Wait, WUT?

Every so often, when I am sitting alone with my phone (sad panda) and have some time to kill, I log into the anonymous internet: usually WUT and Secret.

After spending most of the last decade on services that need your actual identity, I’ve been curious about these services that allow you to leave your real names behind. I think the late 90s were the last time I personally sought out services where I was anonymous or pseudonymous. Ever since then, I’ve been bringing together my identity into one namespace (@naveen).

One of the immediate benefits in such services is that your words carry weight and legitimacy on their own. You don’t scan to see who posted it before deciding whether to start reading it. Twitter democratized things in the sense that I could post something in the same space (and potential audience) as someone else, but if he started with more followers or a bigger brand than me, you would pay attention to and retweet his post way more than mine (rich get richer). With these anonymous services, none of that matters – your words are the only thing that’s important and they carry themselves.

Sometimes, you can use these services just to have a public conversation of your thoughts. Perhaps these are like the things you mutter to yourself in an empty room when you know no one else is listening. It could be frustration; things you say out loud that you don’t even realize you are saying out loud; future conversation you’re rolling around in your head; &c. (Oh god, I can’t believe I just admitted that here like a crazy person, but come on, surely others do this too.) I find that the majority of posts on both services are of this nature: things that would otherwise probably have never been captured.

In the handful of times I’ve used Secret, I found I only posted things in order to maximize likes. That addictive dopamine behavior that I like so much on other social services had made its way here as well. It didn’t matter that no one would know on Secret that I was the author, but just knowing that whatever I posted was clever or funny (and other people thought so) got me to post even more things. Why do we create publicly anyway if not to be validated? I wonder if others think the same way. Further, I wonder if others post things just to be provocative and to get hearts. If so, the things you’re posting on Secret then don’t mean the same thing as an honest message, and in some ways takes away from the authenticity. (I’ve noticed incredibly funny people on Twitter tend to do this too: make up stories or anecdotes about someone they saw on the street but it just so happens not to be true. Perhaps it’s the standup comic way of telling a story.)

WUT doesn’t have that problem. Because no one can give you the same kind of feedback, beyond just responding to your message with another linearly, you can’t game the system for such events. Even if you post with the intention of getting a response, there’s no interface to show you and others watching “XX post of yours had NN hearts” (or whatever).

Sometimes, WUT turns into a weird game of telephone. This is especially true of this service over others in its class because there are no threads in WUT: no distinction between posts and comments. Someone will say something, and others will take it and turn it into some rhyme or repeated pattern.

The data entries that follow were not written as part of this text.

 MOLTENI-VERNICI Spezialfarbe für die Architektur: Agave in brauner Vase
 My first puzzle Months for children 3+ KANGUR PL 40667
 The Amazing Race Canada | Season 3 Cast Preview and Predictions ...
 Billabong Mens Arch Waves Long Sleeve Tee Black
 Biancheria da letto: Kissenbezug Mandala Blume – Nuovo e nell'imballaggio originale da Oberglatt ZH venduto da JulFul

I recently moved WUT up higher in the notifications drawer on iOS. It now sits immediately after Phone and Messages. I thought this was very curious as I’ve never consciously done this for any application ever (even ones I am coding up and testing). I thought about this for a while, and then realized I had to do this: WUT’s primary interface is not in the app, it’s in the Notifications drawer. I think that’s the first time I’ve ever had any app on my phone that used this view space in that way.

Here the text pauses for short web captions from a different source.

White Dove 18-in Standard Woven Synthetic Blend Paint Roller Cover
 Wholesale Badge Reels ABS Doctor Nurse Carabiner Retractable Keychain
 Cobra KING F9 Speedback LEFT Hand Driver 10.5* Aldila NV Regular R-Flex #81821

WUT messages remind me of early Twitter. In 2006 Twitter, we would post whatever and whenever, free of a filter. It was weird: even though all these posts were public and indexable by the internet, we posted as if only our forty-five followers were ever listening. As we’ve gotten older and more people are listening, we have all come to filter ourselves and to start “creating brands around our identity.”

In more than a few cases, WUT has also become early foursquare: “Sun’s out; in Washington square park. Who’s around?”

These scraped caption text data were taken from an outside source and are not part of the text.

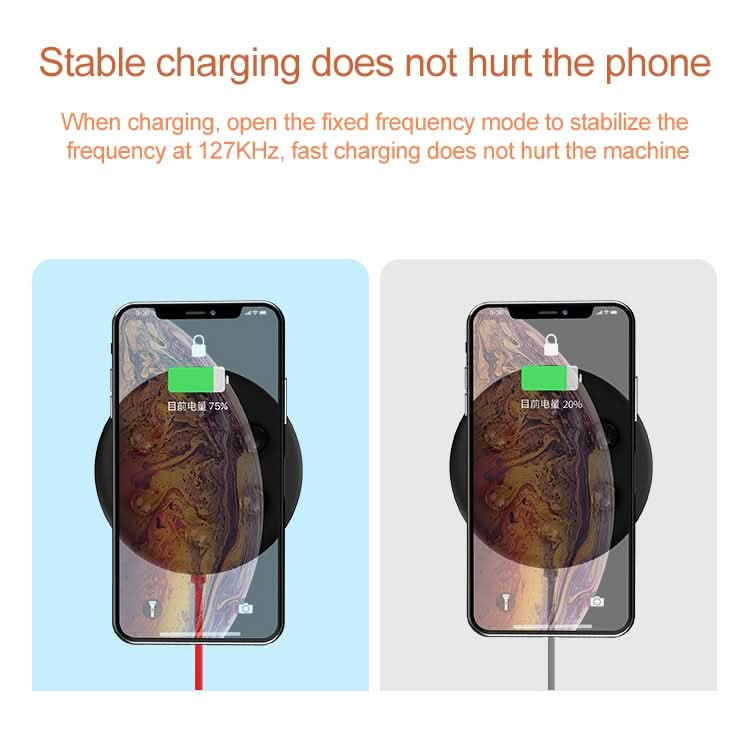 10W Portable Suction Cup Mobile Phone Fast Charging Wireless Charger, Length: 1.5m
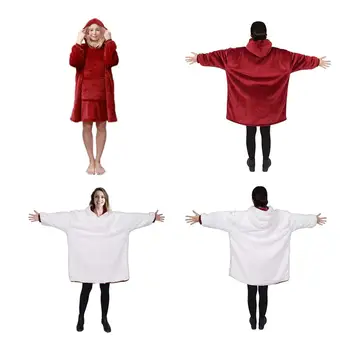 Plus Mare pentru Femei Tricou Pătură cu mâneci Pulover 2020 Cald Iarna Homewear Unisex Termică de Pluș Sacou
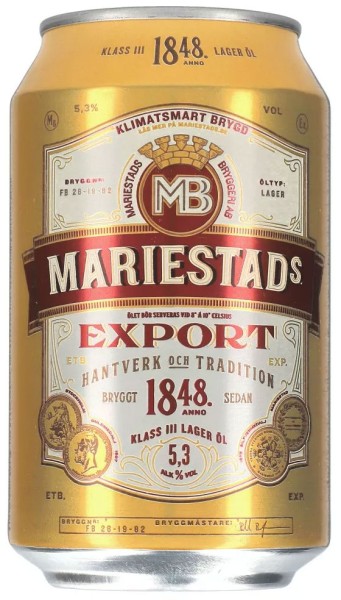 Mariestads Export 5,3%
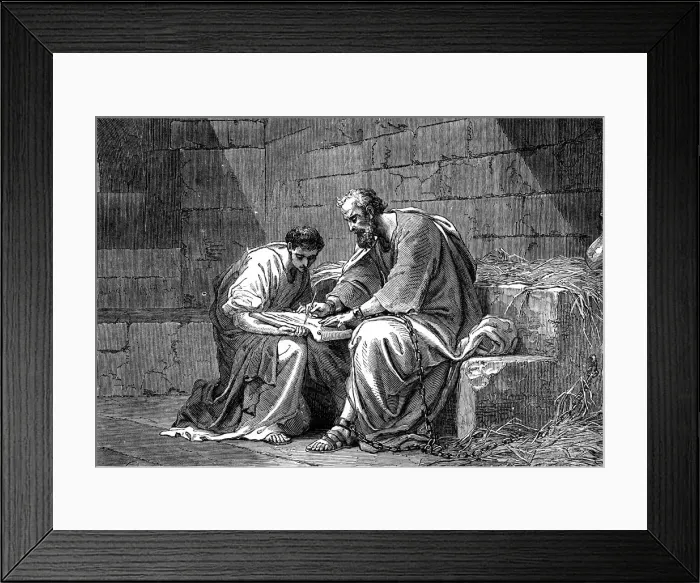 Framed Print : St Paul the Apostle in prison, writing his epistle to the Ephesians, 1st century AD (19th century) Framed Print : St Paul the Apostle in prison, writing his epistle to the Ephesians, 1st century AD (19th century)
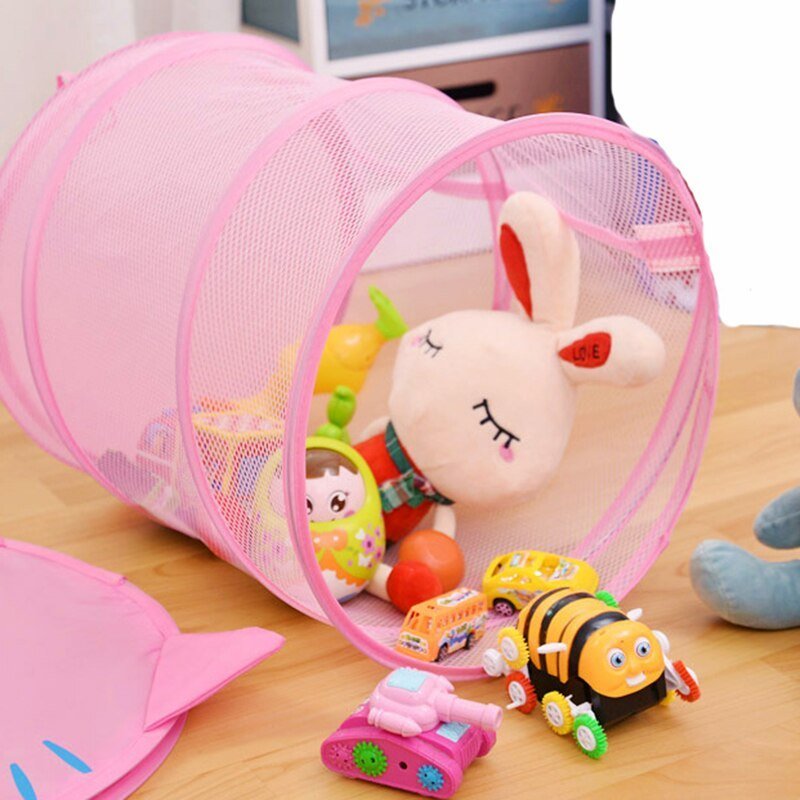 Foldable Cute Cartoon Fabric Laundry Basket Large Organizer Washing Clothes Bag Holder - Cupindy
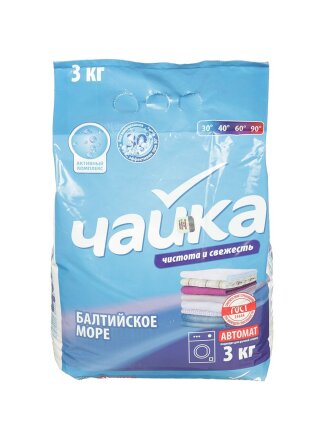 Стиральный порошок Чайка, 3 кг, автомат, универсальный, Балтийское море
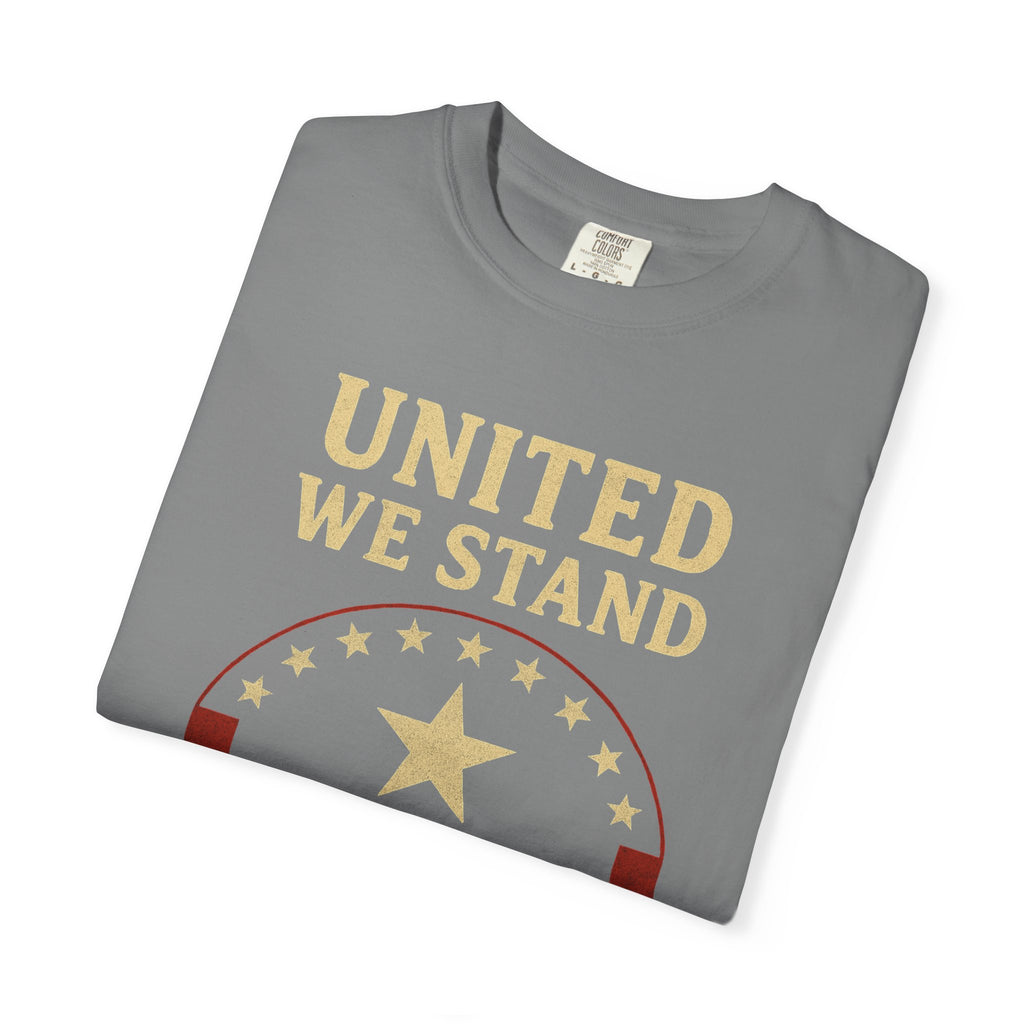 "Divided We Fall" Unisex Garment-Dyed T-shirt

Anyway, those are some things I think of when I’m fooling around with these services.

Beyond these explorations, I don’t know what to make of these apps. What more can I do with them? How long will the messages be new and exciting and not the same old stuff over and over again? If it’s the same old, I’m likely to just stop using and I think I am getting close. They’re like games in that way: interesting only when they have your attention and, right now, they have my attention.